Back in December I went out to Amsterdam to setup Mozilla’s first international datacenter. The build out included two database machines, three webservers, two VMWare ESX servers and two Citrix Netscalers (along with various PDUs and networking gear).
When I got back I was on a kick to get as much usage out of that facility as we could and very quickly got all of our static websites replicated out there. As expected, response times to www.mozilla.com for our European users dropped dramatically. We also setup a CVS mirror and eventually a community l10n server.
One of the last things to make its way out there is all the dynamically generated websites, most notably addons.mozilla.org. The problem, or difficulty, is that all of these sites rely on some MySQL database and replicating the read-write portion of it is not for the faint of heart (master-master across 6000 miles?).
I took an initial stab at replicating just the read-only slave databases out to Amsterdam. This is doable and has been running since February taking a consistent 60Kbps to maintain.
But reworking all the webapps to know about a read-only site vs. a read-write site is challenging and requires time that hasn’t been available. And the more I thought about it the more I came to think that this method wasn’t right. The more datacenters Mozilla has, the more complicated database replication becomes and the more bandwidth I need just to maintain content syncs and databases.
I started wondering how other sites have solved this problem and turned to Wikipedia to see if I could figure out what they were doing and went so far as to email them to see how they invented this wheel. I got a very good email back from Mark and Brion which talked about how they use Squid to proxy/cache content from their primary datacenter in Florida. They use explicit cache invalidations when a page content has changed and use a static geographic database for geographic load balancing (versus the dynamic method we’re using).
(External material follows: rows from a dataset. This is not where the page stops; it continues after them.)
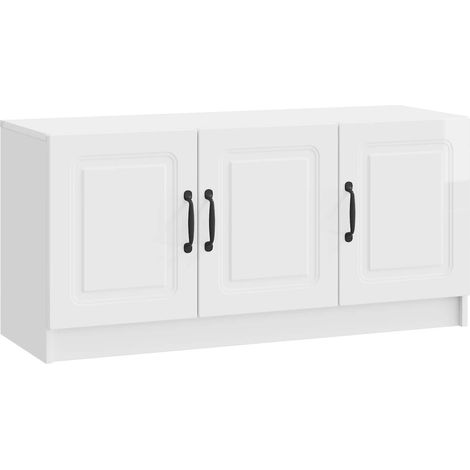 TV-Schränk Hochglanz Weiß 99 x 34,5 x 47 cm Holzwerkstoff vidaXL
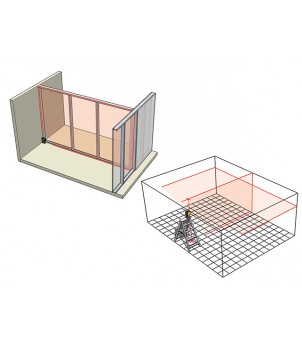 Лазерный построитель плоскостей STABILA LAX 300 Set 18327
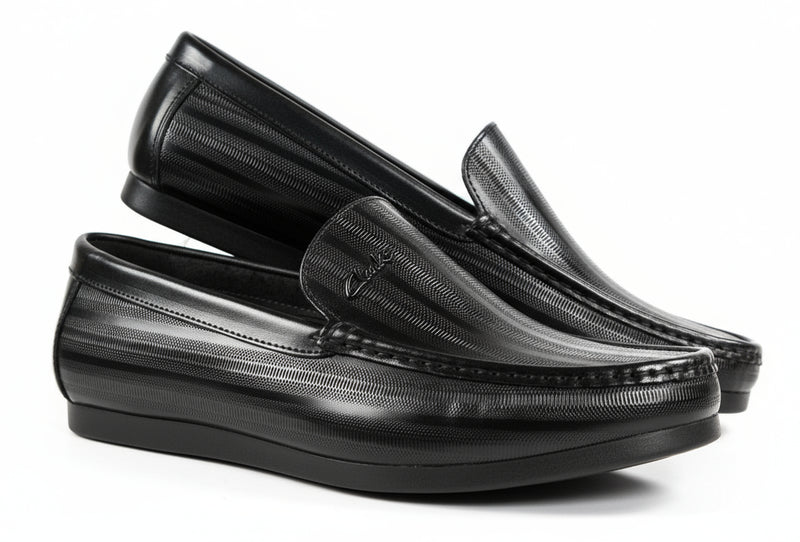 Mocassin Cuir 5# Noir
In a lot of ways, their application mirrors the issues AMO has. It’s a highly cachable site too.
For the past week we’ve been testing this method using the Netscalers and are hoping to switch to production next week. Morgamic sent the following out earlier today:
Matthew has set up AMO on the .nl cluster using the netscaler there. He asked us to take a look. The IP there is 126.96.36.199 — should be able to test by changing your hosts file.
Notes about the install:
- public pages are cached entries delivered from the local NS
- logged-in pages are actually from the sjc cluster
- admin/dev/editor pages are all still from the sjc cluster
This is an overseas cache that should help offload a lot of the public traffic, so it’s good news. Can you guys think of any reason why we can’t push this live next week? Can you take a look and see if everything looks alright w/ the .nl pages?
I’m really excited about this! If it works as expected, it drastically reduces the entry barrier to opening POPs in other countries and means we can start improving user experience without a complicated infrastructure built out.
If you happen to test the site out, please let me know your feedback.